University of Oklahoma University College freshman Lucy Mahaffey received a $10,000 Davis Projects for Peace grant to promote a sustainable, peaceful future for her work with the state superintendent of education and state coalition director to develop a curriculum to teach teenage children about human trafficking.
While Mahaffey is planning to present at youth groups and high schools, her primary focus is on middle school-aged children because that age group is the most common to be sold into sex trafficking, she said. “I felt like this could really empower the kids. I think that they’re really overlooked – they’re the most vulnerable, but they’re also the most powerful,” Mahaffey said.
She tries to relate to kids by focusing on trafficking through the lens of the Internet and smart Internet practices, considering many instances of trafficking in the U.S. happen as a result of children being online. About one-third of the estimated 30 million children online will go and meet a person they met online. However, at the point they go and meet them, that person isn’t really considered a stranger anymore. “It’s the fact that these kids have known someone online for a year and then they say, ‘we’re friends so I’ll go meet them,’” Mahaffey said. In her presentations, Mahaffey will stress the importance of only adding people you are familiar with, as well as not meeting in person people you only know online. If you have to meet with someone, don’t go alone, she said.

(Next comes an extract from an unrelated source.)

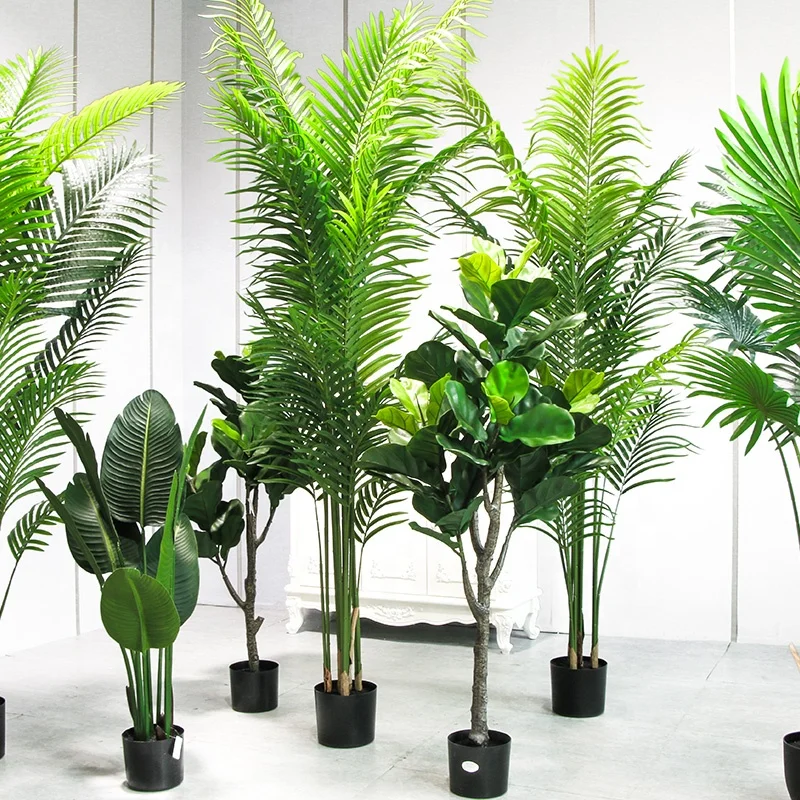 art decor Artificial plant Home Artificial Potted Plants Trees Bonsai Rubber Leaves Plastic tree Leaf Decorative indoor tropical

One of the issues facing the discussion of trafficking right now is that it’s almost taboo, or at least comes coated with negative connotations, and some parents or school administrators aren’t comfortable discussing trafficking with children. “I think it’s really sad that parents don’t want to have these conversations with their kids … You need to be having those conversations,” said John Putnam, public relations and human relations junior, who is working with Mahaffey.